> Assigned task
Give back exactly the lines from the one holding "Cozy Vibes Embroidery" to the last line of the entries, both included, and nothing more.

Records from a collection
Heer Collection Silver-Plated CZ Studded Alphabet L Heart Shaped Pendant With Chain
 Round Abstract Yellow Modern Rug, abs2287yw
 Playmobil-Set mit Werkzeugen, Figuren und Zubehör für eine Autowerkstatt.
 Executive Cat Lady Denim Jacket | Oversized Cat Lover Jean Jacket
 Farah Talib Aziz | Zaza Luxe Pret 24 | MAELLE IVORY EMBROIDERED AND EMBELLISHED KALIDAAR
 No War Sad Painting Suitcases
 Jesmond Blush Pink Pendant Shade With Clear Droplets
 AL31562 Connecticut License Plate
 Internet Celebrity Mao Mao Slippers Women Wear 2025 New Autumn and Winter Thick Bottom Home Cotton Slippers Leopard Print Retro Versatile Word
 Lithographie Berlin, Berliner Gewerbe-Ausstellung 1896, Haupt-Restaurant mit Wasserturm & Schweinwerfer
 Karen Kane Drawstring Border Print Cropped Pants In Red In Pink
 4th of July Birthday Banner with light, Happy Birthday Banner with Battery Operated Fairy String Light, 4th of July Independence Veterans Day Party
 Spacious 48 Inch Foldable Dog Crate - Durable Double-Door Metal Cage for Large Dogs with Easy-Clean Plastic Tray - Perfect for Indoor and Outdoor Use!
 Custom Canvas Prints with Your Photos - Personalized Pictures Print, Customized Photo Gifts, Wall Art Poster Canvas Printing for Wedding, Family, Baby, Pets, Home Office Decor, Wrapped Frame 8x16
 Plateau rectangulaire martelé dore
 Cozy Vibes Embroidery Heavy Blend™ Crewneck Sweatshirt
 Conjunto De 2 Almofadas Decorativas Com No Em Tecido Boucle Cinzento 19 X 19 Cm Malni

> Reply
 Cozy Vibes Embroidery Heavy Blend™ Crewneck Sweatshirt
 Conjunto De 2 Almofadas Decorativas Com No Em Tecido Boucle Cinzento 19 X 19 Cm Malni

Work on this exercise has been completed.